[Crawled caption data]
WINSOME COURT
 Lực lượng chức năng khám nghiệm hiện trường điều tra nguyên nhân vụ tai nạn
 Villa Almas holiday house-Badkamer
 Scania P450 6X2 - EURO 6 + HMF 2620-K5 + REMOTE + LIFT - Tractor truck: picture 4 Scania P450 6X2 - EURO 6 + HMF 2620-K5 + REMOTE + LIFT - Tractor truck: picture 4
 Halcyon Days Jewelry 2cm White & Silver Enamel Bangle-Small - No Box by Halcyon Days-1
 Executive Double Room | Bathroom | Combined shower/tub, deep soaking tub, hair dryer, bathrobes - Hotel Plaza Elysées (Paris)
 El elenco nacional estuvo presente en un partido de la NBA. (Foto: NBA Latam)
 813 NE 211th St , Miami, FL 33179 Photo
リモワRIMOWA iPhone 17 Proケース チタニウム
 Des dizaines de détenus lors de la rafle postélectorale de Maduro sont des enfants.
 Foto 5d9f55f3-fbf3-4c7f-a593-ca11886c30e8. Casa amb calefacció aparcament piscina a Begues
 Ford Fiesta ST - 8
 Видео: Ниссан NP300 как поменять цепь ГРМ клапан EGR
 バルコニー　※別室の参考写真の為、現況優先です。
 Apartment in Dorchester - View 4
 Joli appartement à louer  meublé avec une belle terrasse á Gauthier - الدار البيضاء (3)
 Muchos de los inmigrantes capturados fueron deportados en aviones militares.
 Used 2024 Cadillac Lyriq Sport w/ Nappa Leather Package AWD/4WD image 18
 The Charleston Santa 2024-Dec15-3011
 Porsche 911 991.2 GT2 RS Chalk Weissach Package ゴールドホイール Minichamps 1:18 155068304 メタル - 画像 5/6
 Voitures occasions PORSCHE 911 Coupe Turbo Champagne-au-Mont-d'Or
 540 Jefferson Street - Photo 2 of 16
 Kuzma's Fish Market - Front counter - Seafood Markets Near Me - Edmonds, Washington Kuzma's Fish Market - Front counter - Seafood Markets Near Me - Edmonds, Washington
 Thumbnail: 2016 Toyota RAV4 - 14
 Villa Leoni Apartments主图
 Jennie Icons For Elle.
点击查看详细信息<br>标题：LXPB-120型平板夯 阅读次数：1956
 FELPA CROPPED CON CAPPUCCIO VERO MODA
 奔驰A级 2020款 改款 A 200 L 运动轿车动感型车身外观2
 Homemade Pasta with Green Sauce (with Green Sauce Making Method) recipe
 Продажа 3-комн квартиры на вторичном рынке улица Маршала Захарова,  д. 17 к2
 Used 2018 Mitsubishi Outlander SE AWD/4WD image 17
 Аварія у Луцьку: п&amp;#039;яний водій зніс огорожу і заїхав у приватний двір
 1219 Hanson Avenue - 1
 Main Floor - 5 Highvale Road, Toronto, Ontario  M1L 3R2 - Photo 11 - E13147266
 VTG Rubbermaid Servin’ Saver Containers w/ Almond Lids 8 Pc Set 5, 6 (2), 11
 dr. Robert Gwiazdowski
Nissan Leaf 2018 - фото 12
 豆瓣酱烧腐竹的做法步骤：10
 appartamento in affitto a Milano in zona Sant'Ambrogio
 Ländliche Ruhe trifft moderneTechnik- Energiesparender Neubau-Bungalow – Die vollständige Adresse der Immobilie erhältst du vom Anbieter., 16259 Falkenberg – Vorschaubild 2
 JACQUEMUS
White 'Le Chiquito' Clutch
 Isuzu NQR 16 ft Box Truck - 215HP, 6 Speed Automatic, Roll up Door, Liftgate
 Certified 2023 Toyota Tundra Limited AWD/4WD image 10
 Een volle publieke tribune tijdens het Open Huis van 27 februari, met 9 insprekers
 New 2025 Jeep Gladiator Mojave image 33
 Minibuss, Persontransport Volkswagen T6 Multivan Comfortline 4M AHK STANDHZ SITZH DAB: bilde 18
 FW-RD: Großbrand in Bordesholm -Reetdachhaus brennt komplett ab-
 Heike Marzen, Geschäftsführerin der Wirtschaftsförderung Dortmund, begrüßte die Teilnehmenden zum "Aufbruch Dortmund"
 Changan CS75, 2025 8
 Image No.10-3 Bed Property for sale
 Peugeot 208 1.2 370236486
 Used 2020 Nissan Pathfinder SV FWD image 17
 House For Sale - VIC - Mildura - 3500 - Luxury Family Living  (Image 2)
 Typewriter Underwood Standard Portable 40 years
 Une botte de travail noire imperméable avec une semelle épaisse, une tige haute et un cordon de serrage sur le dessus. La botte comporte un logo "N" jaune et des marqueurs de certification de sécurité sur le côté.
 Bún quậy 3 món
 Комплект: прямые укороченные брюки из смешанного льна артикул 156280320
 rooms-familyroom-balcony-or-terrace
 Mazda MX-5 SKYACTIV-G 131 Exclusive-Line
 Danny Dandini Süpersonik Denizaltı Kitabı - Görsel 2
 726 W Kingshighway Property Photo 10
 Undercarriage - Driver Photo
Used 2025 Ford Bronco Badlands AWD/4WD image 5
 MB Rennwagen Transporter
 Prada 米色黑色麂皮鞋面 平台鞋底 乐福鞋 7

■ Exercise directions ■
Copy out each record exactly as given, omitting none.

■ Problem solution ■
WINSOME COURT
 Lực lượng chức năng khám nghiệm hiện trường điều tra nguyên nhân vụ tai nạn
 Villa Almas holiday house-Badkamer
 Scania P450 6X2 - EURO 6 + HMF 2620-K5 + REMOTE + LIFT - Tractor truck: picture 4 Scania P450 6X2 - EURO 6 + HMF 2620-K5 + REMOTE + LIFT - Tractor truck: picture 4
 Halcyon Days Jewelry 2cm White & Silver Enamel Bangle-Small - No Box by Halcyon Days-1
 Executive Double Room | Bathroom | Combined shower/tub, deep soaking tub, hair dryer, bathrobes - Hotel Plaza Elysées (Paris)
 El elenco nacional estuvo presente en un partido de la NBA. (Foto: NBA Latam)
 813 NE 211th St , Miami, FL 33179 Photo
リモワRIMOWA iPhone 17 Proケース チタニウム
 Des dizaines de détenus lors de la rafle postélectorale de Maduro sont des enfants.
 Foto 5d9f55f3-fbf3-4c7f-a593-ca11886c30e8. Casa amb calefacció aparcament piscina a Begues
 Ford Fiesta ST - 8
 Видео: Ниссан NP300 как поменять цепь ГРМ клапан EGR
 バルコニー　※別室の参考写真の為、現況優先です。
 Apartment in Dorchester - View 4
 Joli appartement à louer  meublé avec une belle terrasse á Gauthier - الدار البيضاء (3)
 Muchos de los inmigrantes capturados fueron deportados en aviones militares.
 Used 2024 Cadillac Lyriq Sport w/ Nappa Leather Package AWD/4WD image 18
 The Charleston Santa 2024-Dec15-3011
 Porsche 911 991.2 GT2 RS Chalk Weissach Package ゴールドホイール Minichamps 1:18 155068304 メタル - 画像 5/6
 Voitures occasions PORSCHE 911 Coupe Turbo Champagne-au-Mont-d'Or
 540 Jefferson Street - Photo 2 of 16
 Kuzma's Fish Market - Front counter - Seafood Markets Near Me - Edmonds, Washington Kuzma's Fish Market - Front counter - Seafood Markets Near Me - Edmonds, Washington
 Thumbnail: 2016 Toyota RAV4 - 14
 Villa Leoni Apartments主图
 Jennie Icons For Elle.
点击查看详细信息<br>标题：LXPB-120型平板夯 阅读次数：1956
 FELPA CROPPED CON CAPPUCCIO VERO MODA
 奔驰A级 2020款 改款 A 200 L 运动轿车动感型车身外观2
 Homemade Pasta with Green Sauce (with Green Sauce Making Method) recipe
 Продажа 3-комн квартиры на вторичном рынке улица Маршала Захарова,  д. 17 к2
 Used 2018 Mitsubishi Outlander SE AWD/4WD image 17
 Аварія у Луцьку: п&amp;#039;яний водій зніс огорожу і заїхав у приватний двір
 1219 Hanson Avenue - 1
 Main Floor - 5 Highvale Road, Toronto, Ontario  M1L 3R2 - Photo 11 - E13147266
 VTG Rubbermaid Servin’ Saver Containers w/ Almond Lids 8 Pc Set 5, 6 (2), 11
 dr. Robert Gwiazdowski
Nissan Leaf 2018 - фото 12
 豆瓣酱烧腐竹的做法步骤：10
 appartamento in affitto a Milano in zona Sant'Ambrogio
 Ländliche Ruhe trifft moderneTechnik- Energiesparender Neubau-Bungalow – Die vollständige Adresse der Immobilie erhältst du vom Anbieter., 16259 Falkenberg – Vorschaubild 2
 JACQUEMUS
White 'Le Chiquito' Clutch
 Isuzu NQR 16 ft Box Truck - 215HP, 6 Speed Automatic, Roll up Door, Liftgate
 Certified 2023 Toyota Tundra Limited AWD/4WD image 10
 Een volle publieke tribune tijdens het Open Huis van 27 februari, met 9 insprekers
 New 2025 Jeep Gladiator Mojave image 33
 Minibuss, Persontransport Volkswagen T6 Multivan Comfortline 4M AHK STANDHZ SITZH DAB: bilde 18
 FW-RD: Großbrand in Bordesholm -Reetdachhaus brennt komplett ab-
 Heike Marzen, Geschäftsführerin der Wirtschaftsförderung Dortmund, begrüßte die Teilnehmenden zum "Aufbruch Dortmund"
 Changan CS75, 2025 8
 Image No.10-3 Bed Property for sale
 Peugeot 208 1.2 370236486
 Used 2020 Nissan Pathfinder SV FWD image 17
 House For Sale - VIC - Mildura - 3500 - Luxury Family Living  (Image 2)
 Typewriter Underwood Standard Portable 40 years
 Une botte de travail noire imperméable avec une semelle épaisse, une tige haute et un cordon de serrage sur le dessus. La botte comporte un logo "N" jaune et des marqueurs de certification de sécurité sur le côté.
 Bún quậy 3 món
 Комплект: прямые укороченные брюки из смешанного льна артикул 156280320
 rooms-familyroom-balcony-or-terrace
 Mazda MX-5 SKYACTIV-G 131 Exclusive-Line
 Danny Dandini Süpersonik Denizaltı Kitabı - Görsel 2
 726 W Kingshighway Property Photo 10
 Undercarriage - Driver Photo
Used 2025 Ford Bronco Badlands AWD/4WD image 5
 MB Rennwagen Transporter
 Prada 米色黑色麂皮鞋面 平台鞋底 乐福鞋 7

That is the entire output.